On nonpollarded sycamore trees, an average of four to six leaves are borne per shoot, with the basal leaf appearing first. Periodic counts of scale-caused spots on living leaves on tagged shoots indicated that the more basal leaves become heavily infested first (fig. 2). Over time, however, leaves toward the shoot terminals become increasingly more infested than the basal ones, but because terminal leaves become larger in size than basal leaves, scale density remains less. The apparent decline in scale numbers seen toward the end of the growing season, on leaves 3, 4, and 5, is believed to be an artifact attributable to the more heavily infested leaves dropping prematurely, resulting in increasingly fewer leaves on which to base the average values shown in figure 2.
Fig. 2. Progression of sycamore scale infestations on basal leaf (Leaf 1) to terminal leaf (Leaf 5) on shoots at Albany, California, 1989.
Determining the contribution of sycamore scale to the premature loss of leaves proved to be an elusive undertaking, and to date has not been elucidated unequivocally. Scale density was found to be highly and negatively correlated with leaf order on shoots; that is, the basal leaf supported the highest scale density and the terminal leaf the least (fig. 3). The date of leaf drop was also highly and positively correlated with leaf order, with the basal leaf dropping first and the terminal leaf last. Further investigation, using plant material with and without scale present, may allow this relationship to be established conclusively. However, field observations in the scale management trials described earlier make it clear that trees on which scale numbers are reduced to low levels retain their foliage appreciably longer into the season than do untreated control trees.

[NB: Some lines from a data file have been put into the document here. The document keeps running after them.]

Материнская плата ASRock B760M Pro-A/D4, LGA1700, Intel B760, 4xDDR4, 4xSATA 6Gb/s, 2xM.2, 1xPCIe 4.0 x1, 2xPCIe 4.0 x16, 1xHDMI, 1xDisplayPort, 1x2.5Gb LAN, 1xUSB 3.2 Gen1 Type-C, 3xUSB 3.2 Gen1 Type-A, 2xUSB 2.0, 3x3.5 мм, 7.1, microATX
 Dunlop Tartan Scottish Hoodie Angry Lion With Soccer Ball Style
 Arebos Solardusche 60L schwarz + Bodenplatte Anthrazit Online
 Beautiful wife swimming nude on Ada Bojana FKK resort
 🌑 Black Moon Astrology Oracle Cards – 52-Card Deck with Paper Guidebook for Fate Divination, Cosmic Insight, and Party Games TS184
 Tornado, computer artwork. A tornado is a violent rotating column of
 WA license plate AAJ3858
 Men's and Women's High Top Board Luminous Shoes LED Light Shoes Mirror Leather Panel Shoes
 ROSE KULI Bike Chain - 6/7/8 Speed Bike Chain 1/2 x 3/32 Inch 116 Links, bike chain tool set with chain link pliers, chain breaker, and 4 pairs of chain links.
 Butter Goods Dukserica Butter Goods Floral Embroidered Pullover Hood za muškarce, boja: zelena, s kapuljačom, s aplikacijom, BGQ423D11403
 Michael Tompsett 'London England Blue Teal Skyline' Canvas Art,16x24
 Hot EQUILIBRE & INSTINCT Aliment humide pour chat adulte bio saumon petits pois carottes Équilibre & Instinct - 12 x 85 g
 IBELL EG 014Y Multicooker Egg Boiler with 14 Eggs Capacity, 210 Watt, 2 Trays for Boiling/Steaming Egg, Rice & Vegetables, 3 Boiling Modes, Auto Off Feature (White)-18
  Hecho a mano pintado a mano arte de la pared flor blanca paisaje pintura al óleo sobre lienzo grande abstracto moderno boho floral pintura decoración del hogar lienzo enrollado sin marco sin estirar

Leaves were piled in midsummer after they dropped from trees infested by the sycamore scale.
Fig. 3. Linear regressions of date of leaf drop and scale density on leaf order from base of shoot at Albany, California, 1989.
The series of chemical treatments applied in the dormant season and at bud break to control sycamore scale revealed that dormant sprays applied in February can fail; instead, applications should be synchronized with bud break. Bud break development can be easily monitored by a pest control advisor and supports a more rational approach to foliage protection since each treatment significantly reduces scale numbers. Additionally, bud break treatment with any of the tested insecticides may be combined with chlorothalonil to control sycamore anthracnose caused by Apiognomonia platani.